En 1994 dio la primera llamada de atención, cuando la nominaron a los Oscar por “La locura del rey Jorge”. Siete años más tarde, Robert Altman le dio la oportunidad de su vida: la estirada ama de llaves de “Gosford Park”, su primer gran papel de cara al gran público.
A partir de ahí, su prestigio, más que su fama, no ha parado de crecer. Con casi 60 años, fue la más atractiva de “Las chicas del calendario”, donde también demostró ser un torbellino interpretativo. Al tiempo que comenzaron a menudear sus presencias en el cine, siguió haciendo mucha televisión, siempre de calidad.
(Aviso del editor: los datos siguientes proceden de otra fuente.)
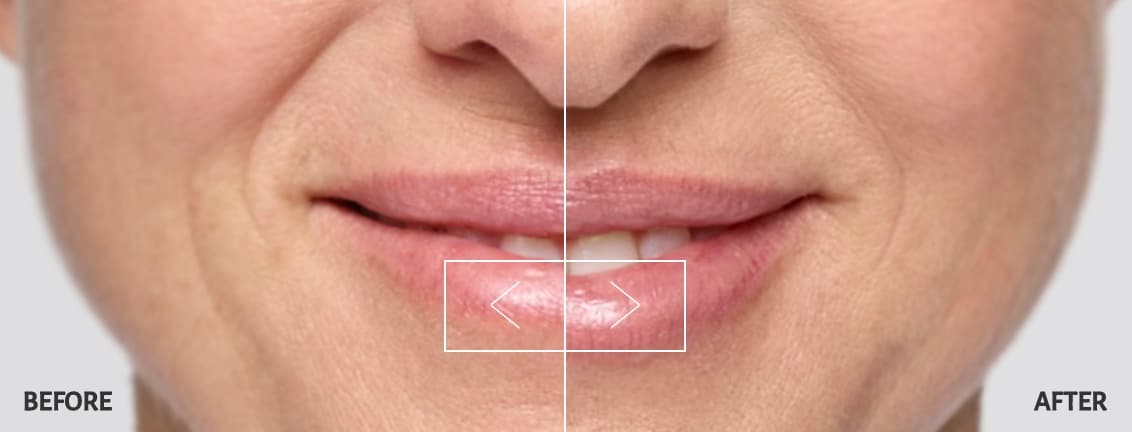Restylane Silk Lip Filler Before and After Restylane Silk Lip Filler Before and After
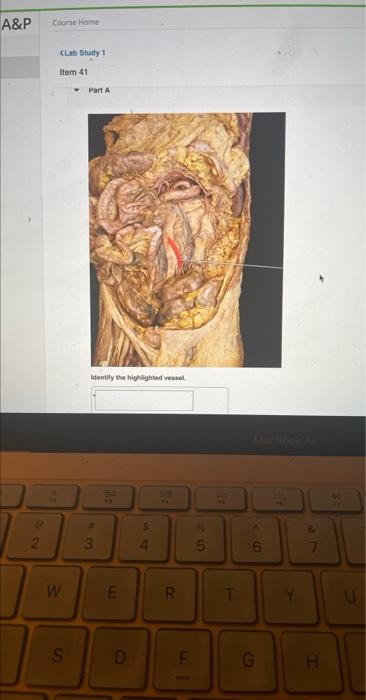 A P 22 Course Home Clab Study 1 Item 41 W S Part A Identify The Highlighted Vessel W3 550 E D 4 102 R F 25 T 6 G Y 1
En 2005, encarnó a la reina Isabel I de Inglaterra en una serie televisiva. Al año siguiente, a la reina Isabel II en “The Queen”, el papel que la consagró internacionalmente, con 61 años de edad. Curiosamente, comenzaron a llegar los papeles en grandes producciones –“La búsqueda: El diario secreto”, “la sombra del poder”, “La deuda” o “RED”– al tiempo que bordó a la esposa de Tolstoi en “La última estación”.
Mujer bella, actriz impecable, Helen Mirren es un homenaje a la tercera edad. Demostró que nunca es tarde para triunfar y, sobre todo, sin dejar nunca de bordar cada uno de sus personajes, que se puede ser siempre atractiva, guapa, única, sin importar los años. Además de una estrella cinematográfica de última hora, supone toda una patada en la boca al imperante culto a la juventud y a las apariencias. Bienvenida sea.